¿Qué tipos de mascarillas existen y cuál se debe usar?

El Gobierno recomienda el empleo de este elemento de protección a partir del lunes en el transporte público.

ÁLVARO SOTO / MADRID

Europa avaló el miércoles el uso de mascarillas como «medida de control para reducir la propagación del coronavirus» y el ministro de Sanidad, Salvador Illa, recomendó este viernes su empleo a partir del lunes, cuando los trabajadores de los sectores económicos no esenciales volverán a sus puestos tras el fin del permiso retribuido recuperable que caducó este jueves.

La recomendación, según explicó el responsable de Sanidad, es «especialmente» para el trayecto a los centros de trabajo cuando se utilice el transporte público, donde habrá que mantener además la distancia de uno o dos metros para evitar los contagios. El ministro ha asegurado que se van a facilitar mascarillas a la entrada de las estaciones de metro o cercanías, entre otras infraestructuras de transporte donde pueda haber aglomeraciones. Para que se cumpla esta nueva medida, el Ejecutivo va a activar además la «producción nacional» de mascarillas.

¿Qué tipos de mascarillas hay?

Las más básicas son las mascarillas quirúrgicas, que se utilizan sobre todo en cirugías. «Protegen más al resto de personas que a quien las lleva puestas porque ejercen de barrera al estornudar o toser», explican desde el Consejo General de Colegios Farmacéuticos. El otro grupo de mascarillas son las filtrantes, que protegen «de fuera hacia dentro» y a su vez se dividen en tres clasificaciones: las FFP1 (filtro de partículas tipo 1) tienen una eficacia de filtración mínima del 78% y se suelen usar frente a partículas de material inerte; las FFP2 (tipo 2) tienen una eficacia de por lo menos el 92% y se utilizan con aerosoles de baja o moderada toxicidad; y las FFP3 tienen una eficacia del 98% y se usan frente a aerosoles de alta toxicidad.

¿Cuánto cuestan?

Antes de la crisis del coronavirus, una mascarilla quirúrgica costaba alrededor de 50 céntimos (normalmente se vendía en paquetes de diez); un pack de 20 mascarillas FFP1, 24 euros (1,20 por unidad), las FFP2, alrededor de tres euros la unidad; y las FFP3, entre cinco y diez euros (dependiendo de la marca). Cuando se acabaron los ‘stock’, se estaban vendiendo por siete veces esos precios.

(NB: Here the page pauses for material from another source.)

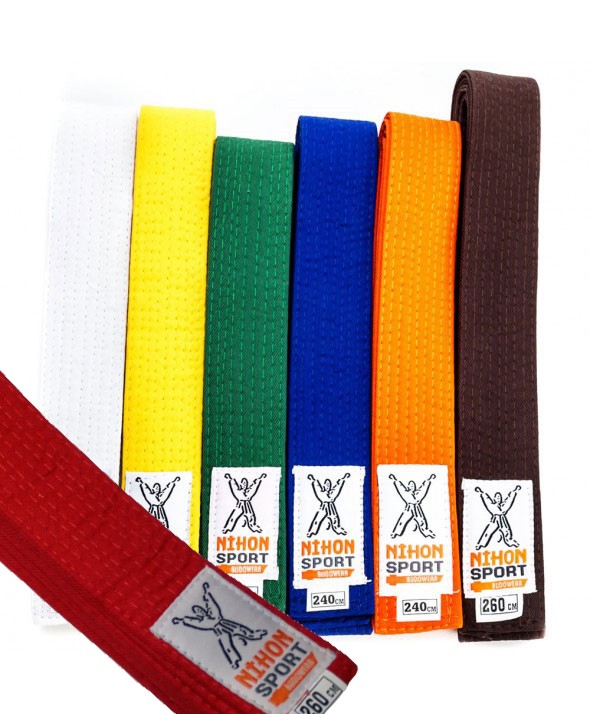 nihon judoband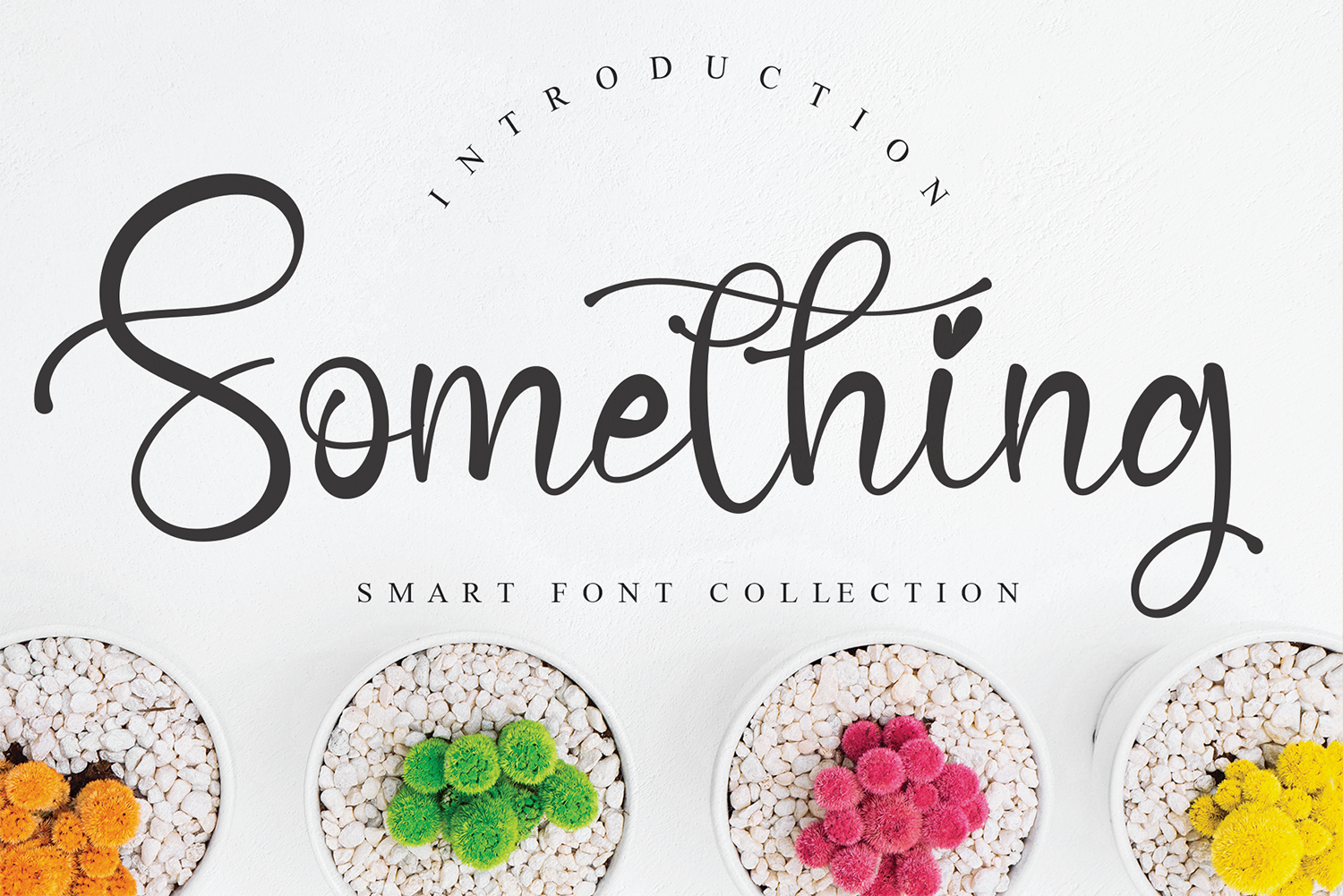 Something Free Font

¿Quién debe usar cada modelo?

Para ir por la calle, en principio, bastaría la quirúrgica. De hecho, Sanidad la recomienda para los pacientes con coronavirus y para sus acompañantes. Para los profesionales sanitarios y para las personas que entren en una habitación de aislamiento aconseja por lo menos una mascarilla FFP2.

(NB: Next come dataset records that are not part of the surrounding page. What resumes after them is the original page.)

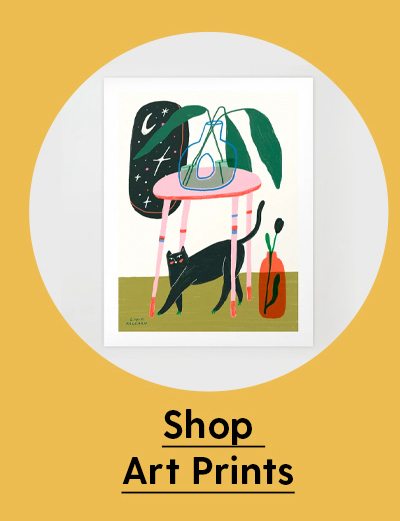 Shop Art Prints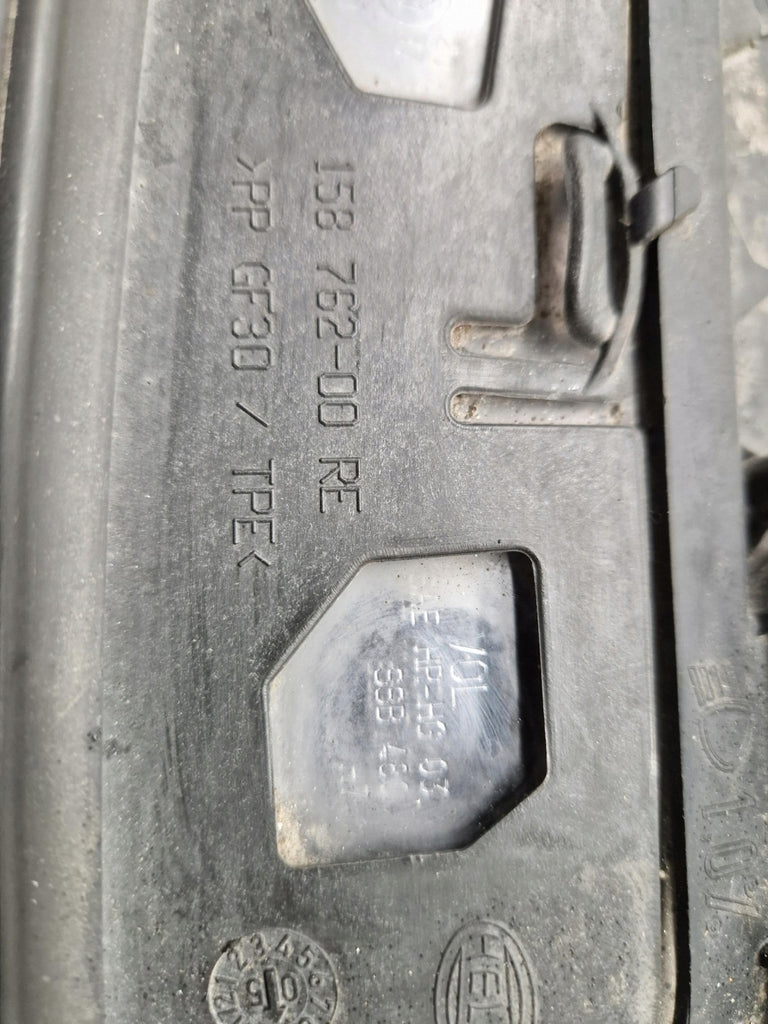 Frontscheinwerfer BMW E60 E61 162396 Xenon Rechts Scheinwerfer Headlight SCH9602590001kg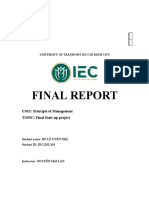 IEC21PL103 Final Report PM IEC21PL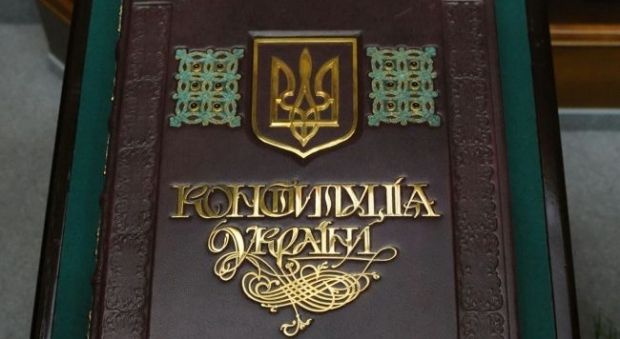 Автором первой украинской Конституции был Пилип Орлик  / zn.ua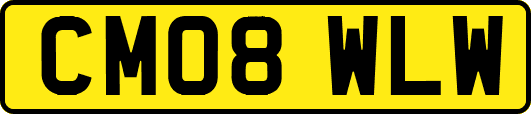 CM08WLW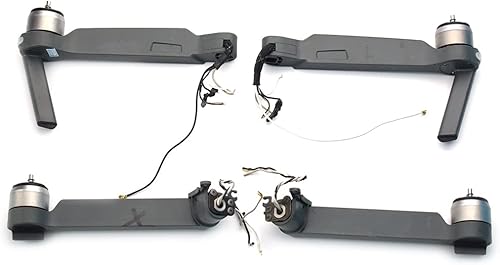 Miniatura 7 de Para DJI Mavic Pro Brazo motor original izquierdo derecho delantero trasero Repuestos Repuestos para DJI Mavic Pro Drone Accesorios Piezas (Color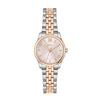 BOSS Watches Graceful Mina Blush Pink Dial Ladies Watch 1502842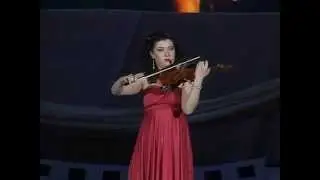Анастасия Пачкина - I will always love you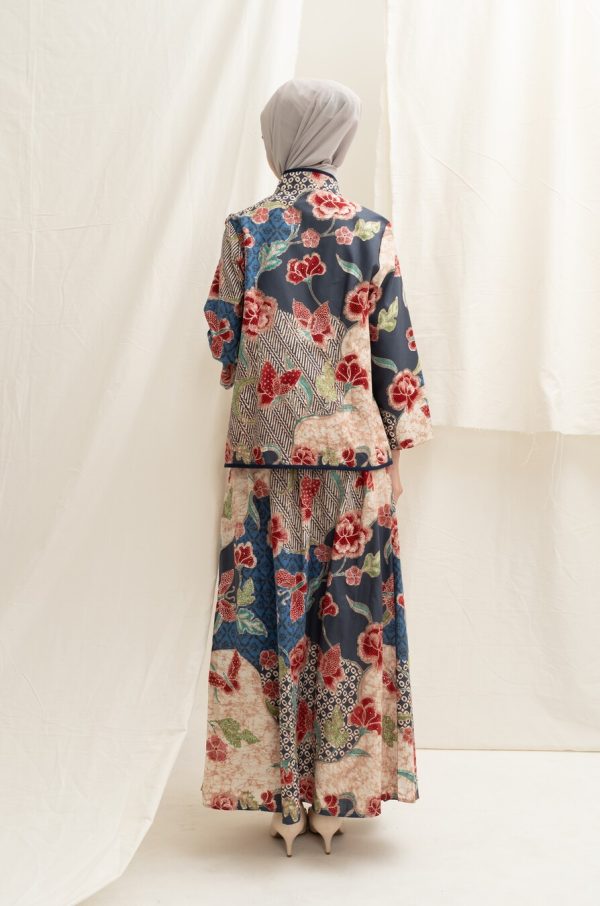 Kebaya Janggan Harsi - Image 3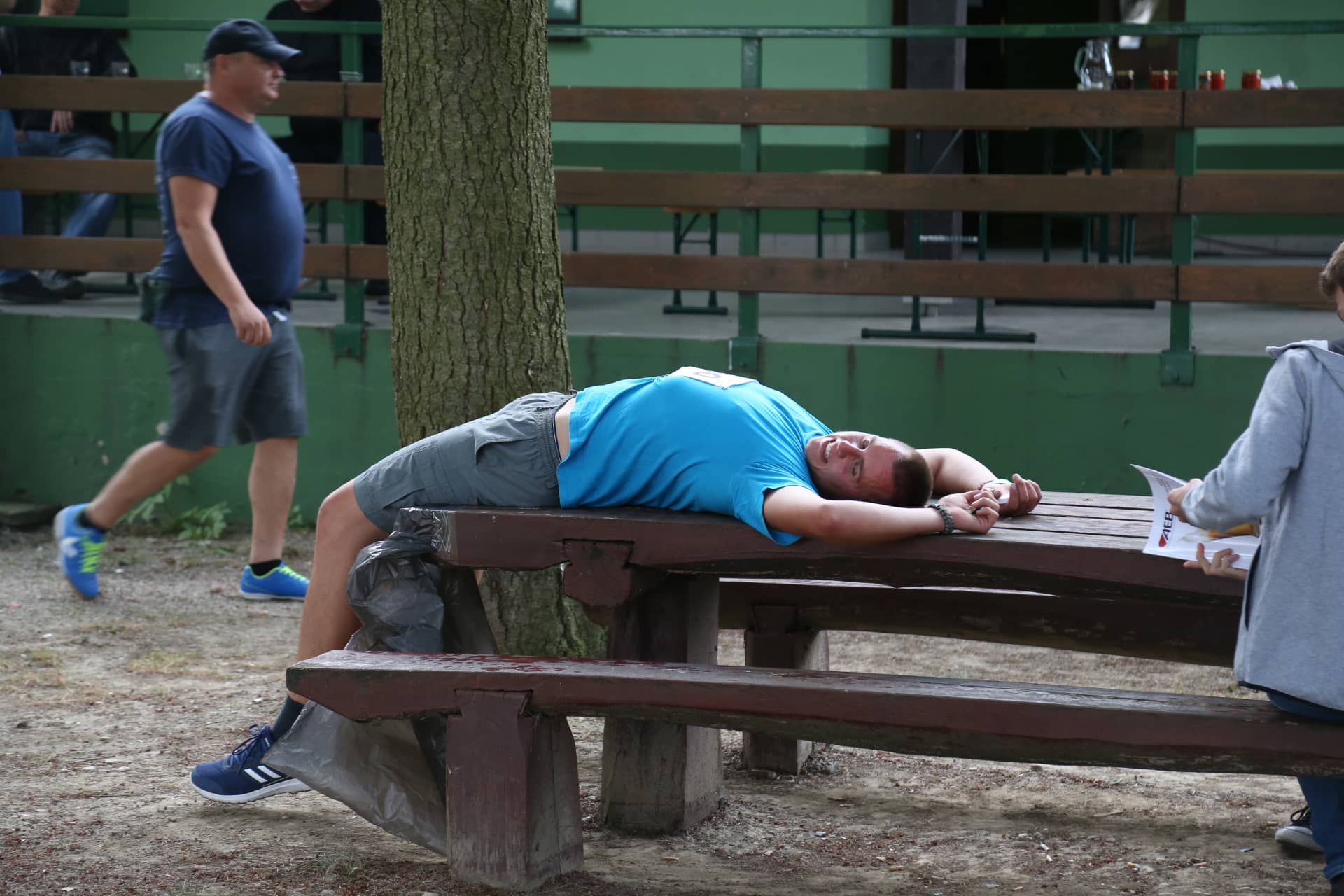 II. UPS fest – Festival i natjecanje kućnih pivara u Nedelišću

¿Se pueden utilizar más de una vez?

Las quirúrgicas, no. En las otras, no es recomendable reutilizarlas, pero si hay que hacerlo, se aconseja extremar la higiene. Las FFP2 o 3 suelen especificar el número de horas de uso.

¿Sirven las mascarillas caseras?

Los científicos afirman que no, que sólo aportan un efecto placebo o una falsa sensación de seguridad. Pero dada la «situación actual de estado de alarma», incluso el Ministerio de Industria ha publicado una guía para fabricar mascarillas caseras. Aconseja hacerlas con un ‘tejido no tejido’ (TNT) y da recomendaciones sobre el corte.

¿Cómo se deben utilizar?

El Consejo General de Enfermería advierte que no es recomendable usar mascarillas de tela ni caseras. En caso de utilizar una mascarilla hay que tener en cuenta que son de un solo uso, por lo que no se pueden quitar y volver a poner después. No obstante, dado que ahora mismo es complicado adquirirlas, puede valorarse la prolongación de su uso o reutilización limitada siempre que se sigan estas recomendaciones del Consejo General de Enfermería:

-Lavarse las manos con agua y jabón o soluciones hidroalcohólicas antes y después de tocar o ajustar la mascarilla.

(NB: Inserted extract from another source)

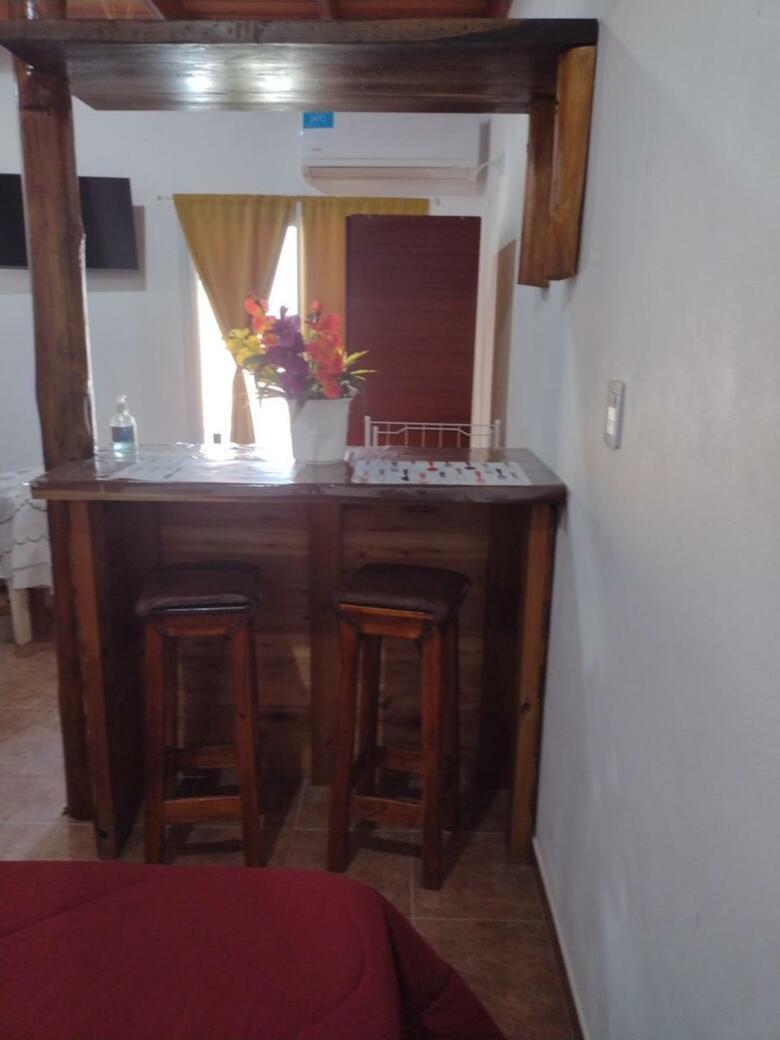 Lodge Sol De Belen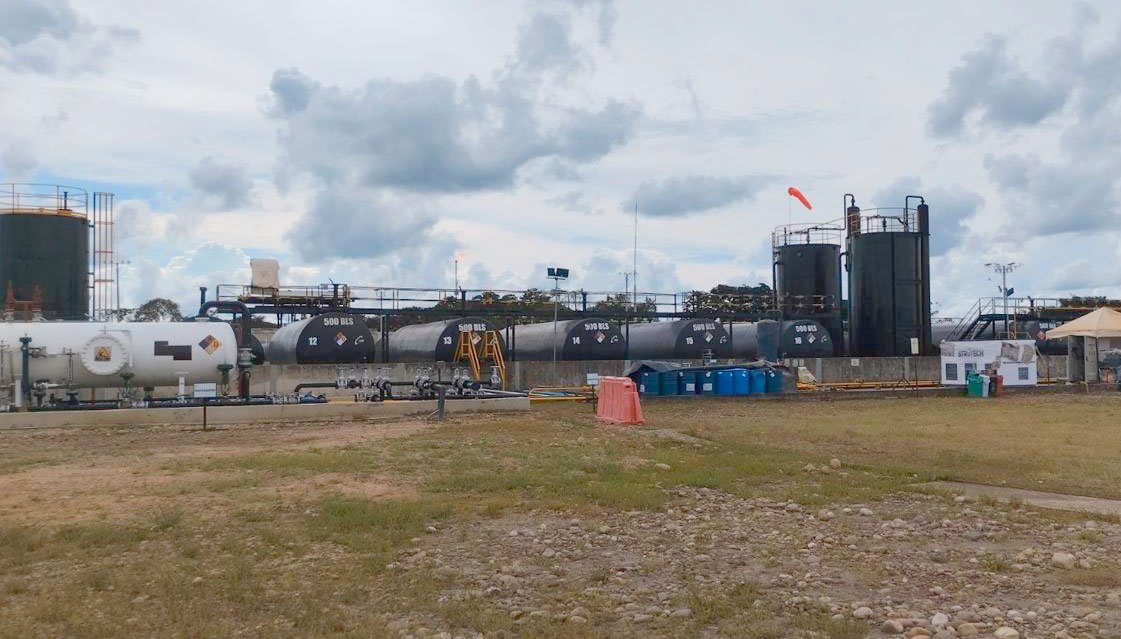 Well testing - Imagen 4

-Usar un par de guantes limpios (no estériles) cuando se ponga la mascarilla y realizar la verificación del sellado. Posteriormente desechar los guantes.

-Entre un uso y otro conservarla en una bolsa limpia, seca y transpirable.

-No se recomienda un uso prolongado de más de 8-12 horas, sea este continuado o intermitente.

-En el caso del personal sanitario, no es posible reutilizarla cuando se ha usado en procedimientos con una cantidad importante de aerosoles, está contaminada con secreciones, dañada o sea difícil respirar.